▸ Instructions to follow
Go through the entries below from the first line and transcribe each one exactly, ending with the line that contains "Delicious cold summer".

Brief descriptive captions

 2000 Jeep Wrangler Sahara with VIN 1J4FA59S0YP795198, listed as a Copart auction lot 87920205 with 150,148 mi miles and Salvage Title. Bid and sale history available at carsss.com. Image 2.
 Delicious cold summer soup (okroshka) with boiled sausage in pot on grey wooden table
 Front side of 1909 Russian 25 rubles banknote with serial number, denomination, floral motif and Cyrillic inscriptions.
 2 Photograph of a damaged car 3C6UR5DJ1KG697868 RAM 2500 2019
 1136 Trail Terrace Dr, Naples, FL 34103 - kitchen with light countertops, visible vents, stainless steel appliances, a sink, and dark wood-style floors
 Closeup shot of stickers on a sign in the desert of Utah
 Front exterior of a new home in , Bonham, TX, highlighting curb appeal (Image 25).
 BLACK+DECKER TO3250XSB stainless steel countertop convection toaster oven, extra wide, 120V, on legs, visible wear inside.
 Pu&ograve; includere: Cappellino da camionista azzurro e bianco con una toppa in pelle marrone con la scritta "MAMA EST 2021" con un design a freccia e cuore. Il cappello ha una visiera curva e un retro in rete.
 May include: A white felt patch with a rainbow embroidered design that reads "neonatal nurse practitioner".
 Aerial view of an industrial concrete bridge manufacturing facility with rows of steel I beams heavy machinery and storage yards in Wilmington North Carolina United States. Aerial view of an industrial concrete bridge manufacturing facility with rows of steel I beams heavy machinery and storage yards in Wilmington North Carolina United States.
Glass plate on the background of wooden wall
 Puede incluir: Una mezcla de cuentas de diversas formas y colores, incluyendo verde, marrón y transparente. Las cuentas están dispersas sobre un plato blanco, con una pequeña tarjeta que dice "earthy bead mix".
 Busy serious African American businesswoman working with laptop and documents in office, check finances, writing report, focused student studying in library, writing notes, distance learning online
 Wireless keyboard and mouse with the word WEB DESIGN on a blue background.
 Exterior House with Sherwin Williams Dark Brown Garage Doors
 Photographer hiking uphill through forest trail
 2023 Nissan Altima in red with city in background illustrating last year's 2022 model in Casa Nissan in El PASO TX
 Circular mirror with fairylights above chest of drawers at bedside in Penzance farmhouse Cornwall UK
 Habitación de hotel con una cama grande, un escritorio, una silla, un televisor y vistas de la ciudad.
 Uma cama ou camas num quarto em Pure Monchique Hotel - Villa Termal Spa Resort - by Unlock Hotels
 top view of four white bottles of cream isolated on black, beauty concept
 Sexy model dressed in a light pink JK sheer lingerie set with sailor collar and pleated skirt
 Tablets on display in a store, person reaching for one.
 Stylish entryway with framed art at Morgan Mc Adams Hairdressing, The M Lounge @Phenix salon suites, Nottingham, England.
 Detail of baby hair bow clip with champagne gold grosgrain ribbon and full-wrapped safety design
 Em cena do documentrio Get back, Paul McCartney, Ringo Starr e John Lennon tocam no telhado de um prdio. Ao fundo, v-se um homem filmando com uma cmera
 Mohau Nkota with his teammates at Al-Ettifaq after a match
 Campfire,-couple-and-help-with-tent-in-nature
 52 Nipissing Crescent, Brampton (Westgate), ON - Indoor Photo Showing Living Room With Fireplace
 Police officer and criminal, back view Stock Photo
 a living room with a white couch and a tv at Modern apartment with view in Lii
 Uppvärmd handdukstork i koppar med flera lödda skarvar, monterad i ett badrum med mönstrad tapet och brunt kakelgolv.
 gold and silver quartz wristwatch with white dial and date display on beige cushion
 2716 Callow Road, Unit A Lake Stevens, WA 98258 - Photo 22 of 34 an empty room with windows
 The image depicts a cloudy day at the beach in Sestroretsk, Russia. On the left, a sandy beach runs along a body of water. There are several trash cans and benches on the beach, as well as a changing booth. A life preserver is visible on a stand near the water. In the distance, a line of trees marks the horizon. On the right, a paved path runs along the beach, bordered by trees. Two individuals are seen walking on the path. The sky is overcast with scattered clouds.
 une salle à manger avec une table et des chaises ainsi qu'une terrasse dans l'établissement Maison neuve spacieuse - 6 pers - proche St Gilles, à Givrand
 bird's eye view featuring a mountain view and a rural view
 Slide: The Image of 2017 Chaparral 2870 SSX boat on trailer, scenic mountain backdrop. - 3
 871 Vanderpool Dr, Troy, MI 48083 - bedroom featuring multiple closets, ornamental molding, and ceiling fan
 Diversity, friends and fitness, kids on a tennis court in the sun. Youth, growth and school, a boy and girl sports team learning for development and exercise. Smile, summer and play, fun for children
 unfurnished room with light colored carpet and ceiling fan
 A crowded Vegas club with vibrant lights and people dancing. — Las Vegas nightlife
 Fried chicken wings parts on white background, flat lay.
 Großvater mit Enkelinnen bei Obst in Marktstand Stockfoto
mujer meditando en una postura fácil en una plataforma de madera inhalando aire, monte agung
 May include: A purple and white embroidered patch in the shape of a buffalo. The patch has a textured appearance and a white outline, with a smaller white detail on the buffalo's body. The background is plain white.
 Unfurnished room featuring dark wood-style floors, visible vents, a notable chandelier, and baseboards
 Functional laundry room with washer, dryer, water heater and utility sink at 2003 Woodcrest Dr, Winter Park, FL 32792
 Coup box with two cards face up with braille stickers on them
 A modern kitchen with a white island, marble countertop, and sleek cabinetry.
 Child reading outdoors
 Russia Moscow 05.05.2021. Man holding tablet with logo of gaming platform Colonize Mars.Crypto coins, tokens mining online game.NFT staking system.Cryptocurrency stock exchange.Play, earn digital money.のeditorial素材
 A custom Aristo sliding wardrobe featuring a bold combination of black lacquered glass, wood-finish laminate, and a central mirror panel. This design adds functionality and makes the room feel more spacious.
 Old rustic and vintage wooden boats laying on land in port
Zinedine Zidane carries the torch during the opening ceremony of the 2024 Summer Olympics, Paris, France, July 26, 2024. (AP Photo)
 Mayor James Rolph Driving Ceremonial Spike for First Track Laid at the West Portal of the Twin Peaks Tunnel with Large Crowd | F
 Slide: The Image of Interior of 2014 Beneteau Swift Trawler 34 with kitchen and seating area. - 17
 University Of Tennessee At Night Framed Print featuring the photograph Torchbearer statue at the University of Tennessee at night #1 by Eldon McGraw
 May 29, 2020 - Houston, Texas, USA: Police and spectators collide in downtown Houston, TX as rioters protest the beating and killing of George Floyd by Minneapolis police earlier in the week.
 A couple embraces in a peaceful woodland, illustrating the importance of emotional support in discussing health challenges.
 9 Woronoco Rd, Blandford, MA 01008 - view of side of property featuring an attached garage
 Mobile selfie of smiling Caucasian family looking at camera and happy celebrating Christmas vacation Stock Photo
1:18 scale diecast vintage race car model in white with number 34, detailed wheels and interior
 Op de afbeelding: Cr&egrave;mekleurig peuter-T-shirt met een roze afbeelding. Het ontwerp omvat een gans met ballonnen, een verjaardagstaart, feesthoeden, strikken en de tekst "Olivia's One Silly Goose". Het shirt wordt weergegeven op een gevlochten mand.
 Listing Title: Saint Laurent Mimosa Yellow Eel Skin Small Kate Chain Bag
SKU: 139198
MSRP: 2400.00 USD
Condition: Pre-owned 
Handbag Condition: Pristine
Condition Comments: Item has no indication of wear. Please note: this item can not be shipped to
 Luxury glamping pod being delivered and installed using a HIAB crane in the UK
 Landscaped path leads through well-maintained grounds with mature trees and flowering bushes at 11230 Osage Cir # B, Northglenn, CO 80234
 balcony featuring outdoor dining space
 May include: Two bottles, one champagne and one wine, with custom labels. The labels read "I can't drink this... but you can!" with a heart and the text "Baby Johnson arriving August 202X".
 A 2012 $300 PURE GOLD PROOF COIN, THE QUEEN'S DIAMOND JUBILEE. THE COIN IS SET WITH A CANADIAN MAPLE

▸ Solved problem
 2000 Jeep Wrangler Sahara with VIN 1J4FA59S0YP795198, listed as a Copart auction lot 87920205 with 150,148 mi miles and Salvage Title. Bid and sale history available at carsss.com. Image 2.
 Delicious cold summer soup (okroshka) with boiled sausage in pot on grey wooden table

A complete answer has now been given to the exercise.